During the execution (before the error appears) I watched cpu usage and I noted that the two core of the job-task manager are working (at least 50% each, even 100% for one of them sometimes) while the other two nodes (the task managers) are completely free with a cpu usage around 0%.

I set correctly rpc address of the jobmanager and filled correctly slaves file putting:

giordano-2-2-100-1
giordano-2-2-100-2
giordano-2-2-100-3

Moreover I used ping from the master node to verify if the other nodes are reachable and it's ok, and telnet from the task managers to verify if the job manager was reachable, also in this case everything is ok.

Honestly I have no more ideas about what I'm doing wrong...

Furthermore I tried to execute the program on my laptop (dual core) setting a single-node cluster with the same configuration of the real cluster and the same jar.

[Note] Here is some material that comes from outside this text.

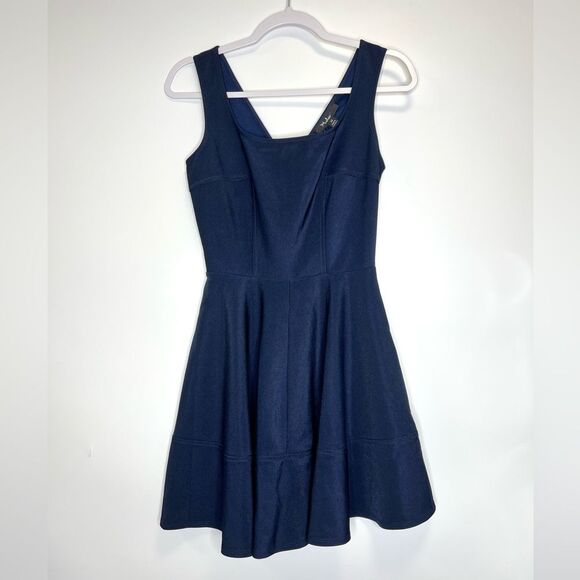 NEW Lulus Home Before Daylight Fit & Flare Mini Dress Navy Blue XS - Picture 2 of 11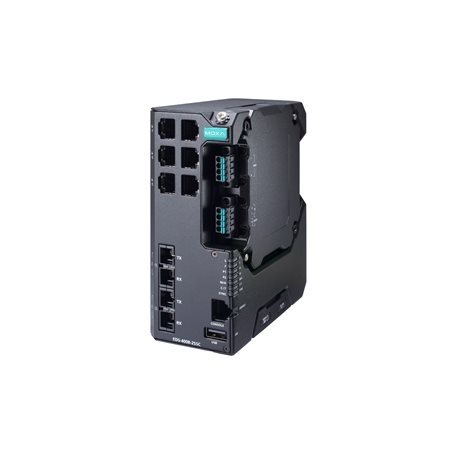 MOXA 목사EDS-4008-2MSC-HV-T - Managed Ethernet switch with 6 10/100BaseT(X) ports, 2 100BaseFX multi-mode ports with SC connectors, single power supply 110/220 VAC/VDC, -40 to 75°C operating temperature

In this case everything works perfectly so I'm quietly sure the problem is in the job manager.

P.S. On stack overflow I found this reply of the same problem:TaskManager loss/killed but I don't understand how to set a different garbage collector.

1
What is the parallelism with which you start the job? Can it be that you are running a CPU intensive job which is only executed on the machine on which the JobManager is running? Then this could block the heartbeats from being processed correctly. Try not starting a TM on the machine where the JM is running? Sharing the logs of the JM and the TMs could also help solving your problem.Till Rohrmann
I commented parallelism because I have some operators that operates at 2 and some at 1. I have executed more experiment. I noted that until a certain load the cluster is able to perform the task correctly (but using just one node) while if I add more load (duplicating operators on others data for example) the previous error is showed. I set the G1 garbage collector, no results. Continue...Akinn
I followed your hint configuring 1JM and just 2 TM and executed a relatively light program. It is executed correctly but, even in this case, just on one node (the n.3). Each core of that was busy on > 92% of cpu usage, memory about 80-85%. I attach the logs (stackOV_1JM_2TM_OK): dropbox.com/s/w6uvgmhdg2bom49/stackOV_1JM_2TM_OK.zip?dl=0Akinn
Then I executed an heavy version with many operators (the one that fails) in order to lead flink to distribute the load. In this case just the node 2 is occupied (one core at 90%, the other one at 30%). the job doesn't produce results and crash killing TM. Logs (stackOV_1JM_2TM_HEAVY_ERROR): dropbox.com/s/rbyhn1o8ama9we3/…Akinn
Is it a network intensive job? My thought is that maybe a lot of data is being requested and sent to the flink job constantly that things are getting backed up because you don't have enough bandwidth to the cluster to handle the volume.Jicaar

1 Answers

0
votes

This problem happened to me when a task manager runs out of memory and when the GC takes too much time trying to free some memory.

Try to use more Ram or decrease the memory requirements of your tasks.